What a difference a year makes in Congress.  Last year, Reps. DeFazio (D-OR) and Chaffetz (R-UT) introduced the Saving High-tech Innovators from Egregious Legal Disputes (SHIELD) Act.  The bill generated some attention in the press, but never made it onto the campaign year legislative agenda.

Then we hit a tipping point of sorts.  It has been widely known that troll litigation is unsavory and inefficient, but many ardent defenders of the current patent system argued that patent trolls were a sideshow.  In 2005, trolls accounted for 23% of patent litigation.  Then, in December of last year, Santa Clara Law’s Prof. Colleen Chien released the results of her study showing that trolls accounted for 61% of patent lawsuits in 2012, which marked the first year that trolls accounted for more than half of all patent litigation.  The rhetorical rubicon had been crossed, which helped put the gears of Washington, DC in motion.

In December, the FTC and DOJ held a joint workshop on patent trolls, which marked the first time that our nation’s antitrust regulators took serious steps to examine the competition problem posed by patent assertion entities.  (Last April, I asked the former Assistant Attorney General for Antitrust, Sharis Pozen, about the DOJ’s stance on patent trolls and she said the agency was still internally thinking about how to handle trolls and had no comment beyond that [@ 39:10]).

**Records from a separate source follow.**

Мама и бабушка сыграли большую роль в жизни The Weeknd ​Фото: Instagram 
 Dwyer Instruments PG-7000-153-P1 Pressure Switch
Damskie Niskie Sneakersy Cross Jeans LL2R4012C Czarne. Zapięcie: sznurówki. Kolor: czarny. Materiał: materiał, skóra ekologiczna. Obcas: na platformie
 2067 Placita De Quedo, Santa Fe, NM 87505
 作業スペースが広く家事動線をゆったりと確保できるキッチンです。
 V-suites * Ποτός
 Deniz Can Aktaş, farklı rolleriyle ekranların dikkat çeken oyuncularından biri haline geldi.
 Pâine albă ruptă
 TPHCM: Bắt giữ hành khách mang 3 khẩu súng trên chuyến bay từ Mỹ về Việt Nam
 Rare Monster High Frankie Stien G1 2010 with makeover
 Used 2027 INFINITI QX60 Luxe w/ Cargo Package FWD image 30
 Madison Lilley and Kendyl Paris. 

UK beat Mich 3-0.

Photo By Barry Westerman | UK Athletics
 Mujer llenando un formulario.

Then this February the SHIELD Act was amended and reintroduced.  As some commenters have pointed out, the SHIELD Act is a small, but important tweak to get at some of the problems with trolls, but it does not go far enough on its own.  And, at the time of its introduction, it seemed like the SHIELD Act was as far as Congress was willing to go to help update our misfiring patent system, after having failed to agree on comprehensive reform in the America Invents Act.

However, the patent troll problem escalated to the Presidential level, with the President giving a well thought out response to a question on patent trolls in a Google Hangout he held in mid-February where he condemned the practice of trolling and discussed the need for more patent “balance” generally.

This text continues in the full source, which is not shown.